Based on data from the nation’s 30 largest cities, the rate of reported violent crime rate is projected to fall by 0.6 percent, also to the second-lowest point in over 25 years, says the Brennan Center for Justice.
The U.S. is on pace to record the second-lowest violent crime rate in 2017 of any year since 1990, says the Brennan Center for Justice at New York University. Based on data from the nation’s 30 largest cities, the rate of reported violent crime rate is projected to fall by 0.6 percent, also to the second-lowest point in over 25 years, the Washington Post reports. The lowest rate was in 2014. “This result,” the center says, “is driven primarily by stabilization in Chicago and declines in Washington, D.C., two large cities that experienced increases in violence in recent years.” The murder rate is projected to be down 2.5 percent, on-par with the rate in 2009.
While there was a national uptick in violent crime and murder during 2015 and 2016, one driver of those shifts was the sharp increase in killings in two cities, Chicago and Baltimore, which combined made up more than half of the increase in murders from 2014 to 2017. This year, the number of murders in Chicago alone is expected to drop 2.4 percent.
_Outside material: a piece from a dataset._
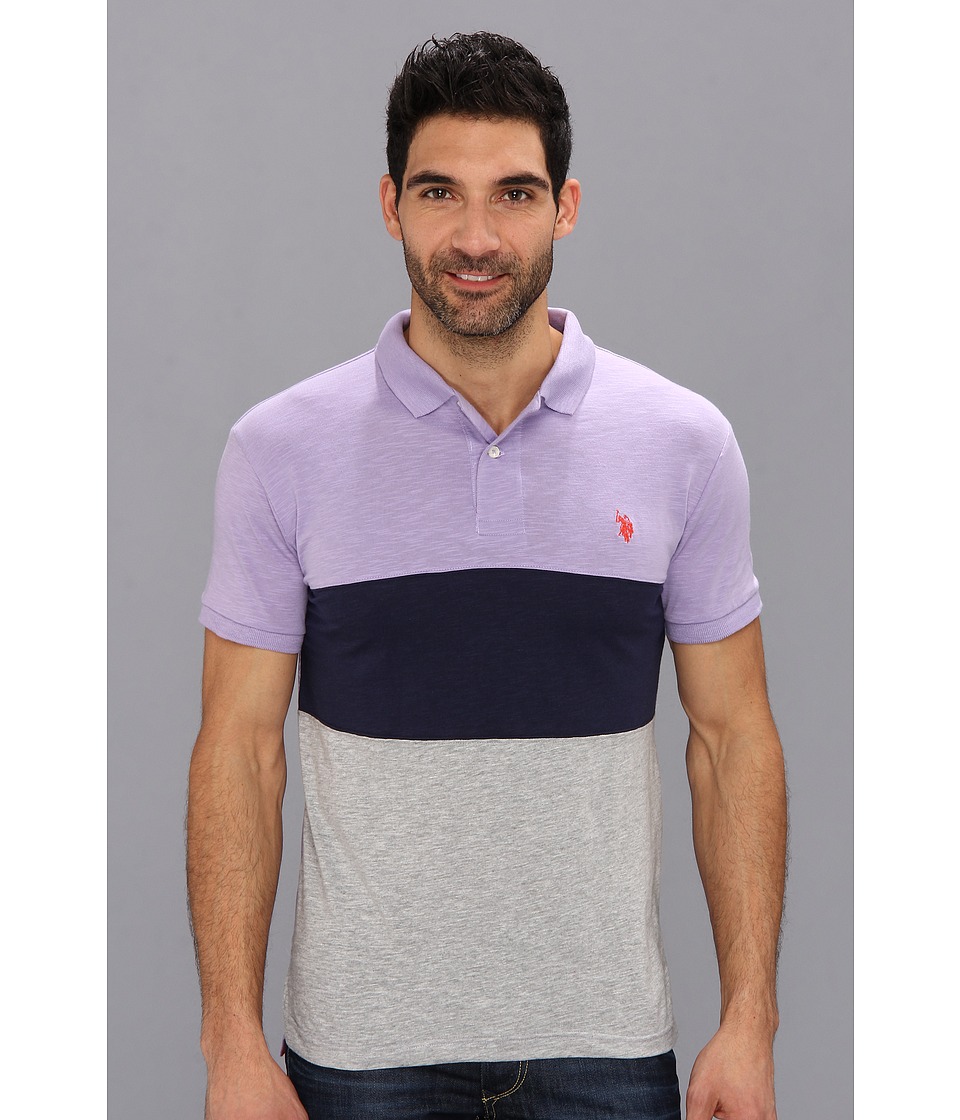 U.S. Polo Assn Wide Stripe Slub Polo Mens Short Sleeve Knit (Purple)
It is declines in New York, Houston and Detroit that are driving the overall decrease. “Our data leads us to believe that the upticks in 2015 and 2016 were likely short-term fluctuations,” said Brennan’s Inimai Chettiar, noting that “not enough research has been done to identify the exact catalyst.” Ronal Serpas, former New Orleans police superintendent, said, “In contrast to what we have been hearing from the president and attorney general … all measures of crime and murder are in decline this year. It’s irresponsible to incite public panic based on falsehoods, and it makes our police officers’ jobs harder.”